Due to the existence of non-stationarity, we apply the NSPCA method to these closing prices and obtain all the eigenvalues corresponding to each component in Fig. 3d, whose eigenvectors are shown in Fig. 3e. We obtain 2 principal components, the corresponding eigenvalues of which are 14.2783 and 1.4136, and hence the first principal component generally has much larger magnitude than the second one, as shown in Fig. 3f. It indicates that intrinsic cross-correlations still exist among these variables even though we remove the trends and regulate the variances. Moreover, the first principal component shows very similar trace compared to the original variables, demonstrating that the first principal component is representative enough in the NSPCA.

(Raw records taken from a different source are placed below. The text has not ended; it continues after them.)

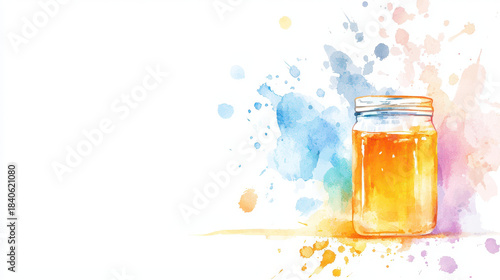 Vibrant watercolor painting of jar filled with honey, surrounded by colorful splashes of paint, evokes sense of sweetness and creativity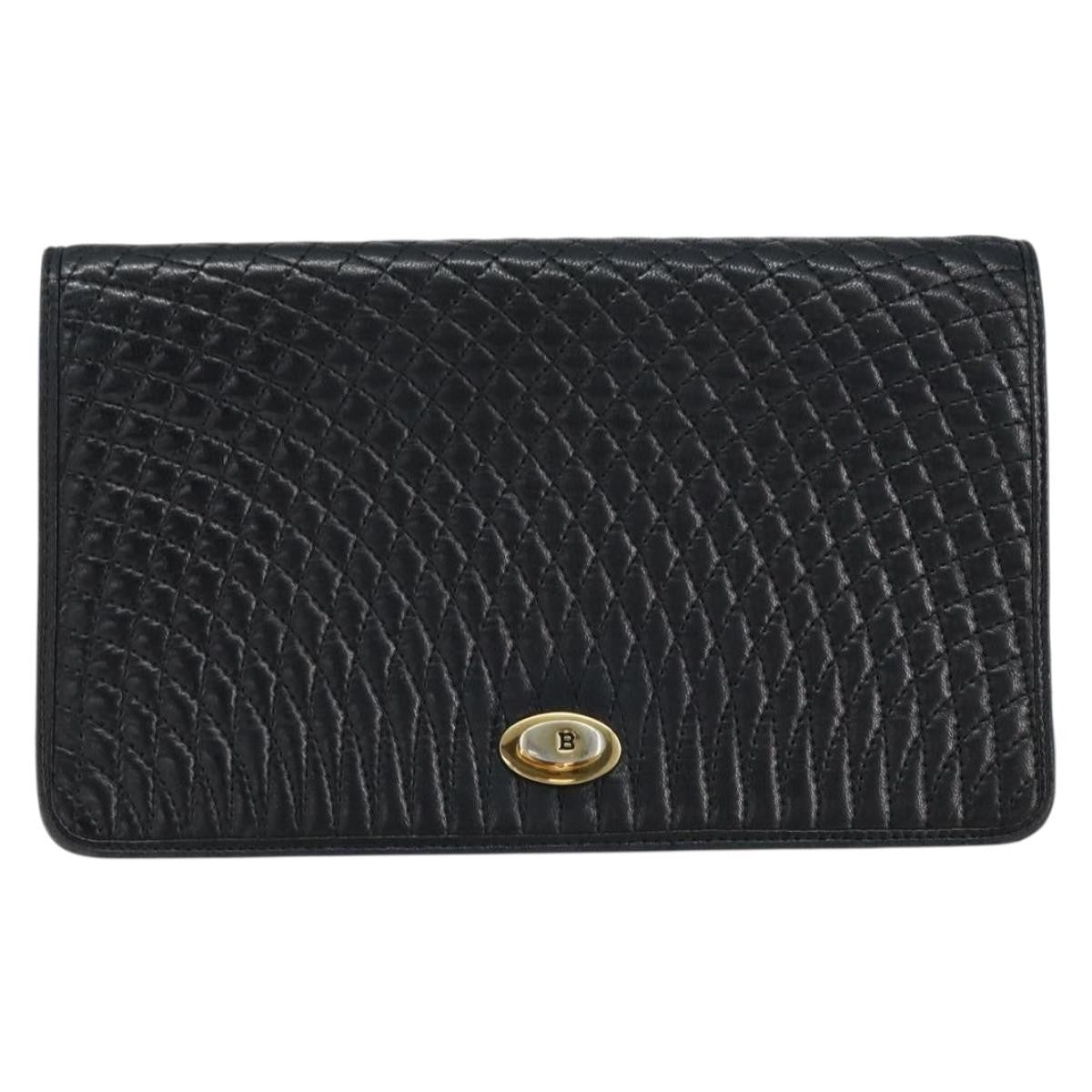 Bally Vintage Chain Shoulder Bag Quilted Leather, BLACK, LEATHER, Shoulder bag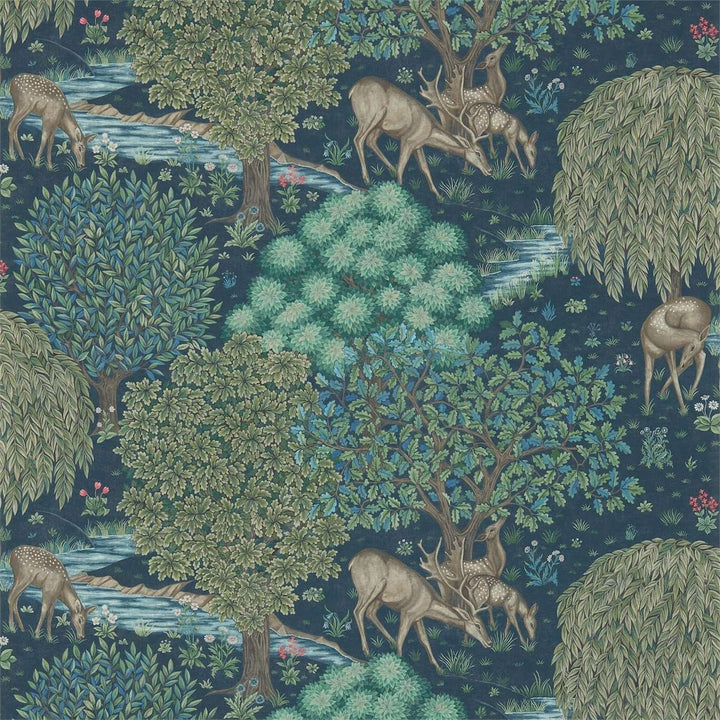 The Brook-behang-Tapete-Morris & Co-Dark Blue-Meter (M1)-214887-Selected Wallpapers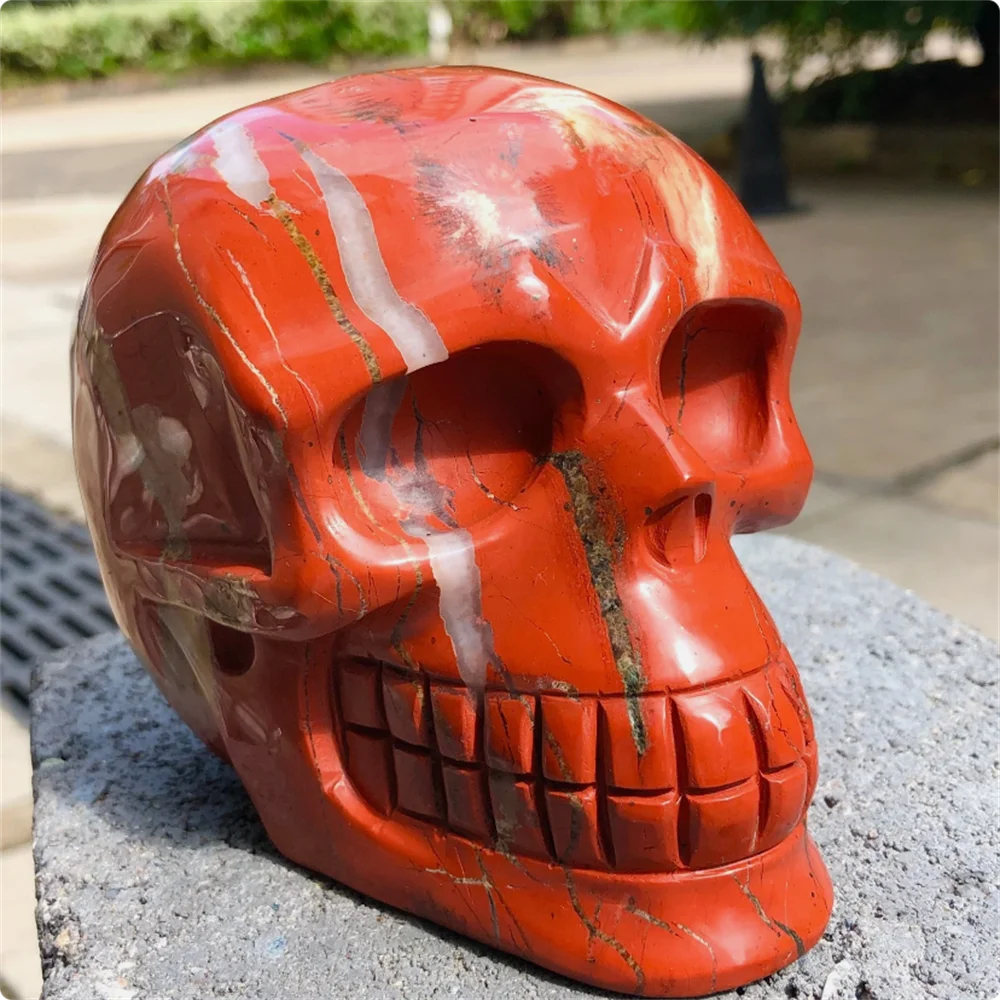 Natural red jade quartz skull hand carved crystal skull restoration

We change the scale n and also change the order of polynomial functions in the procedure of eliminating local trends. The eigenvalues and the eigenvectors of the detrended cross-correlation matrix have no significant difference. It indicates that the NSPCA method is robust enough for non-stationary variables analysis, irrelevant of the scale and the order of polynomial functions.

4 Conclusion

In this paper, we introduce the NSPCA method for non-stationary time series analysis in high-dimensional space based on the DCCA and the detrended cross-correlation coefficient. We theoretically derive that the detrended variances of the principal components correspond to the eigenvalues of the detrended cross-correlation matrix, and the eigenvector corresponding to each eigenvalue becomes the coefficients of linear combinations. We apply the NSPCA method to the AR model, the correlated Gaussian distributed variables, as well as the real-world financial markets. The traditional PCA method fails to detect intrinsic cross-correlations and presents misleading principal components due to the non-stationarity caused by the changes of mean value and variance in the presence of trends. Conversely, the NSPCA method is capable to filter out the change of mean value and regulate the change of variance to detect the intrinsic cross-correlations among variables and therefore provides reliable principal components. The robustness of the NSPCA method for non-stationary time series indicates its wide applications to more real-world data in further studies.